Pedestrian-Only Malls Failing, Opening Back Up to Cars

Tod Newcombe reports on pedestrian-only malls like Buffalo's, which after 25 years has been so unsuccessful that they want to turn it back into a road. So why are these ped malls failing?

Newcombe explains that many of these early pedestrian-only malls were "ill-planned and had little purpose":

"Because so few people lived downtown, the malls became lifeless after work, attracting crime and loiterers, rather than large crowds.
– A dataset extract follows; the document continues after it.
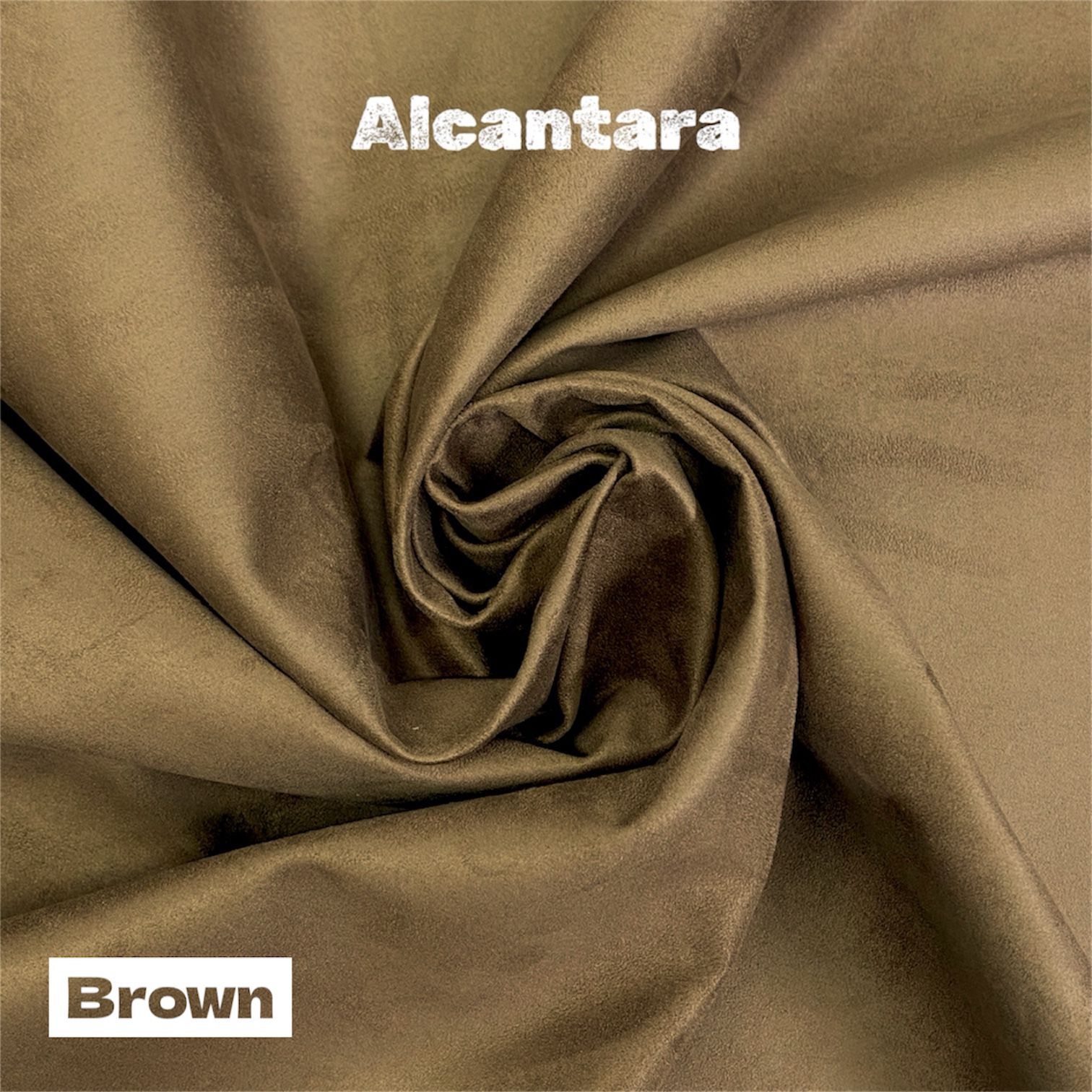 Brown Alcantara fabric swatch. Luxurious and soft texture. Draped fabric showing subtle sheen.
According to some estimates, of all the pedestrian malls that have dotted American cities in past years, fewer than 15 percent remain today."

That doesn't mean that ped-only malls can't work, says Newcombe.

Full Story: The Trouble with Pedestrian Malls

Comments

Comments

Irvin Dawid's picture
Correspondent

Agreed: ped malls largely a failure in Urban America

add Sacramento to that bunch:
Planetizen: Reintroducing Cars To Pedestrian Malls (on the 'K' Street, LRT mall)
Interestingly, since April, 2010, the mall remains closed to autos, and is for the most part, as dead as ever despite some new businesses opening that appear to be doing rather well. However, the mall is opened to bikes - yes, previously cyclists were prohibited from riding on the street.
Irvin Dawid, Palo Alto, CA

Sacto et al. mall.

The reason IMHO Sacto's K St failed is because there is no evening economy there, nor does the LR make sense as an option to get downtown to eat.

I agree it is not a good idea everywhere, but where there is a good residential population and decent evening economy, they make sense.

Best,

D

I don't think it should come

I don't think it should come as a surprise that these pedestrian-focused projects would fail in areas where everyday life is otherwise car-dependent and downtown residency is small.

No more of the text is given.